The Daily Dot’s Mikael Thalen did an excellent follow-up piece about my having gotten banned from Midjourney for exposing safety issues in their system around nude content. Here’s the original Medium post with the images.

The Daily Dot’s piece follows The Debrief’s original reporting last week, which is what caused the company, presumably, to ban me.

I wrote a detailed explanation of my side of the story here for anyone interested.

The long and short of it is: these conversations need to happen publicly, with involvement from the communities who are affected by the problems. They shouldn’t happen behind closed doors and be driven and decided by solely for-profit entities with no oversight, and in whose interest it ultimately is to sweep problems under the rug.

The Daily Dot set up an account with Midjourney to see if Boucher’s findings could be reproduced. Several prompts such as “beach party photos” and even “scantily clad beach party photos” did not flag Midjourney’s filters and generated multiple realistic images of women’s naked breasts.

If they had blocked me, and then proceeded to fix the underlying technical issue, I would say fine. I accept the decision. But that’s not what happened, according to evidence we saw a couple days ago. The issue remains live in their product. So what good did banning me actually even do?

UPDATE:

The Debrief did a nice follow-up piece of its own.

According to Midjourney’s user banning policy, it states that “Any violations of these rules may lead to bans from our services. We are not a democracy. Behave respectfully or lose your rights to use the Service.”

“The fact that they feel compelled to openly state ‘This is not a democracy’ points to a grave need for democratic governance of AI technologies,” Boucher told The Debrief. “It seems more and more apparent to me every day that, without oversight, we obviously can’t trust these companies to make fair and balanced decisions that actually benefit end users.” […]

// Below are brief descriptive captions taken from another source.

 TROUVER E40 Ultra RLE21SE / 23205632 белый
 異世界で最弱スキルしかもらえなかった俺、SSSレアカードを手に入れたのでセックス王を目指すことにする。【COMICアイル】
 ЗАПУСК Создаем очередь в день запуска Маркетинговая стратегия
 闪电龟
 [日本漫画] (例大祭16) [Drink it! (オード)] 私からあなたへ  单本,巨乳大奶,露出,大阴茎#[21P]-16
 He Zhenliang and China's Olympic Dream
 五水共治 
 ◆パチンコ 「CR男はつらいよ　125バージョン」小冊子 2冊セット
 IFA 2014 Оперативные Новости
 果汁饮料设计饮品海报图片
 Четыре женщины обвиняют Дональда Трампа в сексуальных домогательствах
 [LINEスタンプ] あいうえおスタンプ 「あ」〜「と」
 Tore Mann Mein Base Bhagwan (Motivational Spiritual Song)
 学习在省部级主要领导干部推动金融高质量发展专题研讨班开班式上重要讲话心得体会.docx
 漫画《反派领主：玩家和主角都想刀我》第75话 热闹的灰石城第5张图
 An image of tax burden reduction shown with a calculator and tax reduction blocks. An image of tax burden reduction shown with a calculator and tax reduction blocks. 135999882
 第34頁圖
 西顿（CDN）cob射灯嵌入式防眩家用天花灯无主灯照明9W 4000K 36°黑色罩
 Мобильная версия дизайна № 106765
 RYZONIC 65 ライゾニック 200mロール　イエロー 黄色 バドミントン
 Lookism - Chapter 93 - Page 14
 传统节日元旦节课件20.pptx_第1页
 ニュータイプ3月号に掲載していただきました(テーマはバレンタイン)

“These conversations about the right limits of technology need to happen out in the open with the public involved. It should not take place behind closed doors, or in private email exchanges which are easy for product teams to de-prioritize,” Boucher told The Debrief. “The decision of where to draw the line with AI needs to be made by communities first and foremost, and not solely left to profit-driven technology companies left to their own devices.” […]

“Banning researchers who make public for the purposes of conversation these very real flaws and issues happening right now does not make your system safer,” Boucher added. “Only fixing the underlying system issues does, and that’s obviously a much more complex undertaking than just banning critics. But that’s what needs to happen.”